As is common knowledge in the comic book business, Bob Kane did not draw all the hundreds of Batman comic book stories adorned with his signature. He did illustrate the early stories, albeit with increasing assistance — but early on, the character caught on big and DC wanted to publish more material than Kane could produce, even with folks like Jerry Robinson and George Roussos helping him. So an arrangement was made with Kane and DC's editors began hiring others (like Dick Sprang) to draw Batman stories that Kane had nothing to do with, even though they were usually signed with his name. Later on, Kane decided he didn't want to spend his days slaving away at a drawing table so, as part of a settlement with DC regarding the rights to Batman, he worked out a deal that made this possible.

They negotiated a contract whereby Kane agreed to produce a specified number of pages for DC each month, and to receive a high-enough page rate that he could hire someone else to ghost the work and live very well off the balance. He engaged a wonderful man named Sheldon Moldoff and thereafter, DC sent scripts to Kane, Kane sent them to Moldoff, Moldoff drew the pages and sent them to Kane, and Kane delivered them to DC and picked up the check. Once in a while, especially at the outset, Kane seems to have done a smidgen of art correction on Moldoff's pages — but for a decade or two, the work Kane handed in to DC was 90% Moldoff.

DC often reprints stories that originally appeared with incomplete or erroneous credits. They can usually manage to figure out the writer credits on material that originally appeared without any and to identify uncredited artists. In the past, they have sometimes credited Moldoff on the material he ghosted for Kane…but recently collections do not do this. A hardcover anthology released in the last month lists Bob Kane as the artist on stories that no one disputes are primarily or wholly the work for Sheldon Moldoff. People are writing me to ask why.

I have spoken to no one at DC about this but I'll bet I can guess. DC paid Kane to do that work in the first place. That he subcontracted to someone else is one of those cans of worms that no one is eager to open, and not just because of Bob Kane. A lot of comic book artists over the years have employed assistants or ghosts. To just cite a few examples here, there were a number of artists like Frank Giacoia, Vince Colletta and Sal Trapani who were primarily inkers. When someone gave them an assignment to pencil a story, they would often hire a friend to do the pencilling for them — for example, stories that were obviously pencilled by Steve Ditko and inked by Sal Trapani appeared in Strange Adventures #188 and 189. Sometimes, artists would share assignments: A lot of stories inked by Giacoia or Joe Giella feature pages by the other.

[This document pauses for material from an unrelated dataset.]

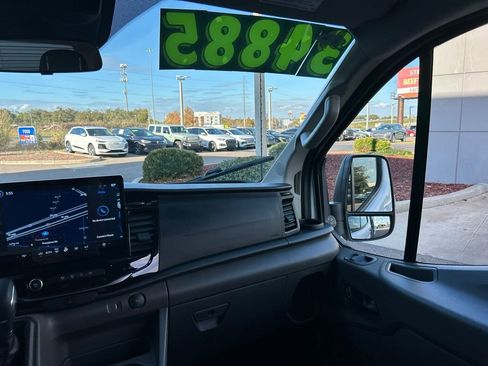 Used 2023 Ford Transit 350 XLT image 10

Gil Kane, when he got behind, would sometimes have Mike Sekowsky pencil a few pages of Green Lantern or Atom. Plenty of guys have employed assistants who could come forward to argue credits, demand royalties, dispute copyrights, etc.

As students of the art form, we can and should identify credits and let nothing stand in our way but certainty. But DC probably has to recognize the legal realities, which is that their business relationship on any given story was with a certain person. Lawyers are probably getting nervous that it could lead to a lot of headaches and perhaps it already has. My guess is that it's neater and safer for them to not get into it. So it's up to us independent historians to identify who done what.